They offer degrees that can help low-income and first-generation students gain a foothold in an increasingly competitive job market, yet for years community college graduation rates have remained low. Despite research showing reforms that can improve those rates, most colleges haven’t put those changes in place, the new report shows.

For example, a recent wave of research suggests that placement exams are ineffective at judging whether students are ready for college-level work–yet 87% of community college students say they are still required to take these exams.

Even more striking, the report found that 40% of students who had an A average in high school were placed into remedial classes.

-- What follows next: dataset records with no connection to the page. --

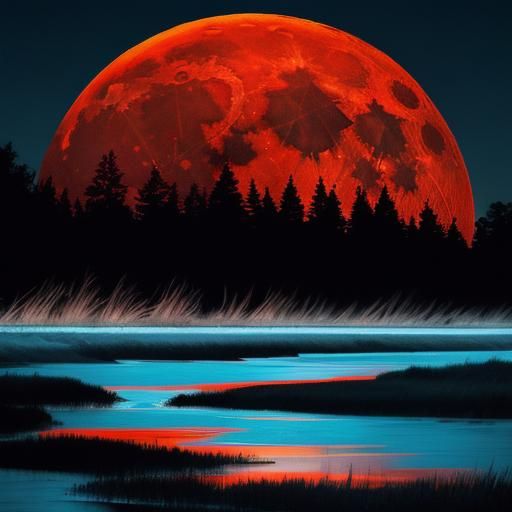 Fiery River Under Red Moon: Hyperrealistic Digital Art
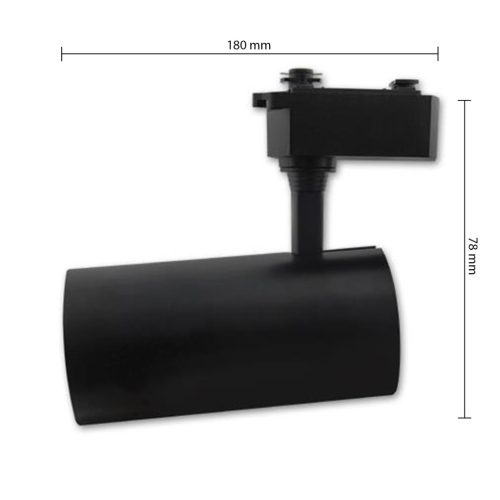 1 fázisú sínre szerelhető spotlámpa 30W 2400lm 4000K semleges matt fekete Piko Masterled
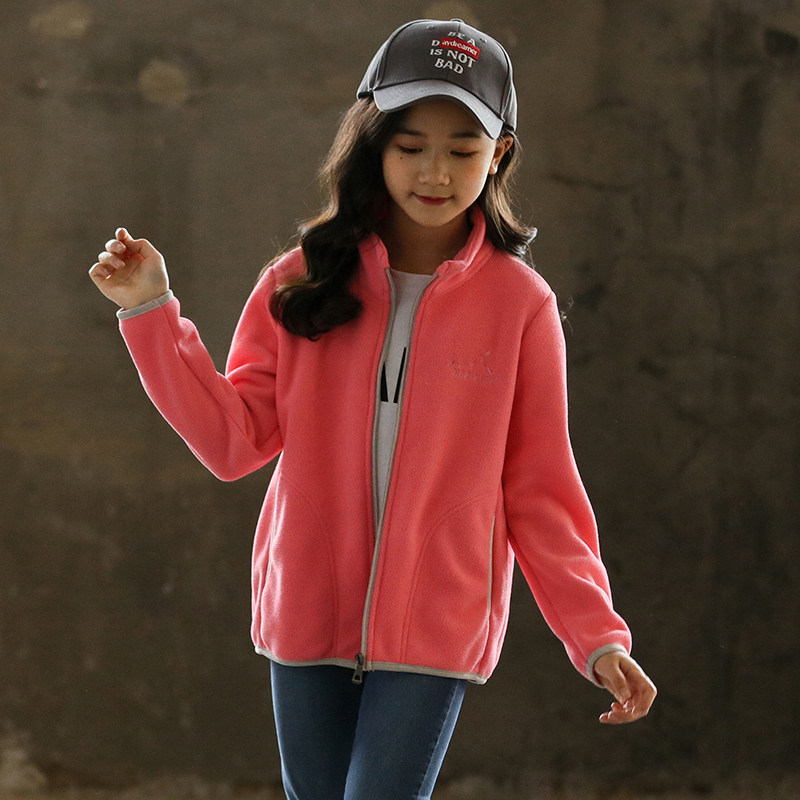 Girl Jacket 2022 Fall New Child Grip Suede Windproof Clothing Big Boy Rocking Grain Suede Thickened Jacket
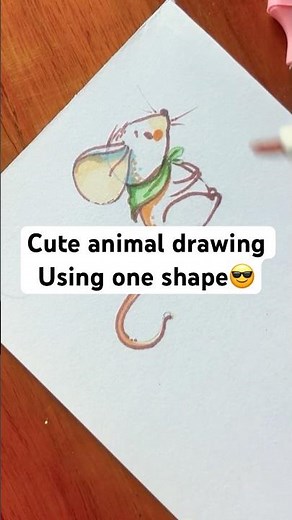🐾 Cute Animal Drawing with Simple Shapes | Easy Step-by-Step Tutorial 🐻✏️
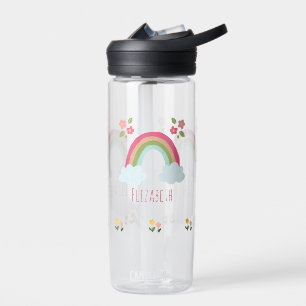 Personalised Kids Cute rainbow girl pink school Water Bottle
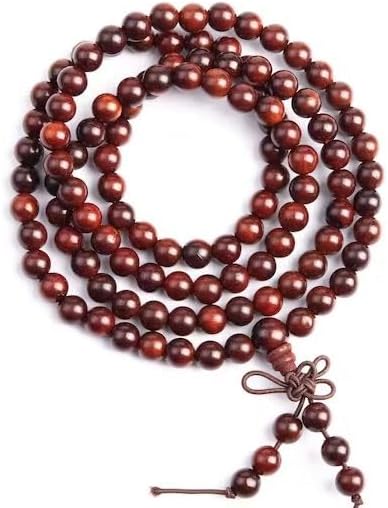Mahogany Red Rosewood Stone Mala Beads, 108 Mala Necklace, Knotted Mala, WWG Necklace, Yoga Jewelry Meditation Beads Spiritual Jewelry Boho Jewelry
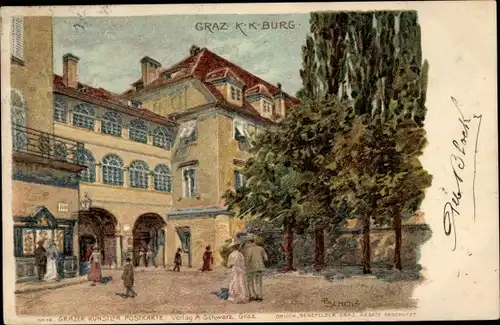 Künstler Litho Scholz, P., Graz Steiermark, K. k. Burg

And while there is increasing evidence that remedial education courses act more as obstacles than gateways to graduation, the vast majority of colleges still adhere to that traditional model.

Still, Expectations Meet Reality: The Underprepared Student and Community College reveals that some colleges have shown significant improvement using models that could be fairly easily replicated and don’t require loads more money.

“There’s been a lot of innovation, and sometimes it comes across as though things

are really changing, but this report is really a reality check,” said Evelyn Waiwaiole, director of the Center for Community College Student Engagement at the University of Texas at Austin, which produced the report and released it last month.

Most students–86% of the 70,000 surveyed–believed they were prepared for college when they first enrolled. Nonetheless, 67% tested into “developmental education”–remedial courses that students are required to take before they can enter college classes. Students don’t earn credits for most developmental education classes, but they still have to pay for them. Developmental education classes often eat up the financial aid provided by federal Pell grants.

Students also seemed unaware of whether they were earning enough credits to graduate, the survey showed. While 76% of students believed they were on track to graduate on time, in fact only 39% of community college students earn any degree within six years.

That confusion could be due to a continuing lack of

counseling for a big chunk of students. Even though studies have shown the necessity of structured support for community college students, 56% of students said they had never met with an academic adviser who helped them to create a plan to reach their academic goals.

The report highlighted some places where reforms were helping. At some colleges, students were more likely to pass introductory English and math courses when high school GPA (rather than a test) was used to decide whether to put them into remedial courses.